WASHINGTON (Reuters) - U.S. Supreme Court justices sparred on Tuesday over how to resolve a copyright dispute concerning an early screenplay for what became the iconic boxing movie “Raging Bull.”
Lawyers on both sides failed to deliver a knockout blow during the hour-long oral argument concerning the critically acclaimed movie about the life of champion boxer Jake LaMotta, nicknamed Raging Bull.
The court is hearing a claim brought by Paula Petrella, daughter of deceased screenwriter Frank Petrella.
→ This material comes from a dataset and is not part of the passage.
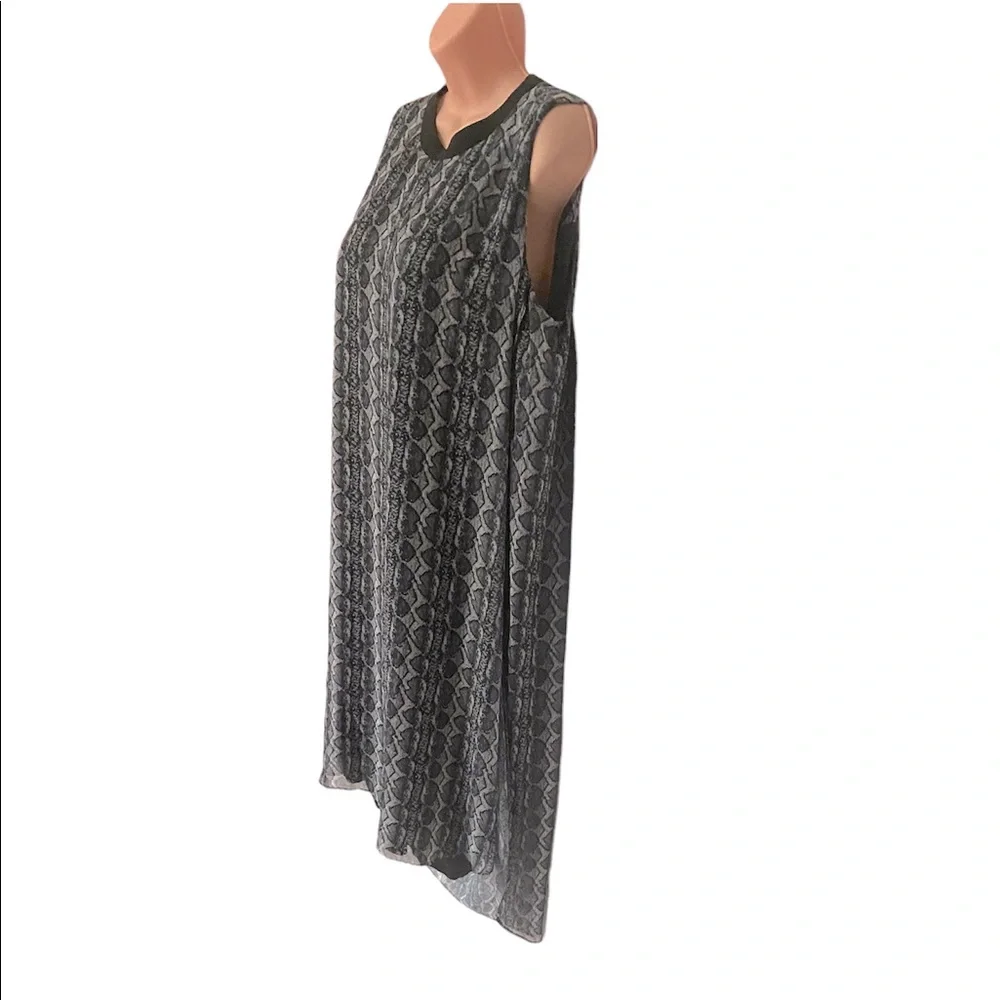 Rachel Roy Chiffon Shift Snake Print Boho Summer High Low Tunic Dress  size 1X - Picture 6 of 13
She says MGM Holdings Inc and Twentieth Century Fox Home Entertainment owe her money for infringing the copyright of a 1963 screenplay upon which she alleges the movie was based. Fox, a subsidiary of Twenty-First Century Fox Inc is a defendant because it has the rights to distribute MGM movies on DVD.
The 1980 movie, starring Robert DeNiro and directed by Martin Scorsese, won two Academy Awards in 1981, including the best actor award for DeNiro.
The legal question is whether MGM can argue in its defense that Petrella, who sued in 2009, waited too long to assert her claim.
The Motion Picture Association of America and other industry groups say a ruling for Petrella could discourage studios, publishers and distributors from reissuing old movies because unexpected copyright claims years after an original release could lead to years of litigation.
Groups representing authors, including Authors Guild Inc, have filed court papers in support of Petrella.
During the dense legal argument, few of the nine justices indicated how they would vote, although several indicated some sympathy for MGM’s position.
Justice Antonin Scalia told Petrella’s lawyer, Stephanos Bibas, that MGM had acted in good faith.
“They invested substantial amounts of money, and then, when that money starts to pay off, you file suit and you get three years’ worth of their profits,” he said.
In an exchange with MGM’s lawyer, Mark Perry, Justice Sonia Sotomayor voiced some support for Petrella.
Perry said that by seeking damages at such a late date, Petrella was trying to “skin the cream” after MGM had invested a considerable amount of money.
“What’s so bad about that?” Sotomayor said.
Petrella, who inherited rights to the screenplay upon her father’s death in 1981, sued when MGM was marketing the movie on DVD, including a new Blu-ray edition. MGM says it spent almost $8.5 million on the re-release.
A federal district court judge in the Central District of California and the San Francisco-based 9th U.S. Circuit Court of Appeals both ruled in favor of MGM.
A ruling is expected by the end of June. The case is Petrella v. MGM, U.S. Supreme Court, No. 12-1315.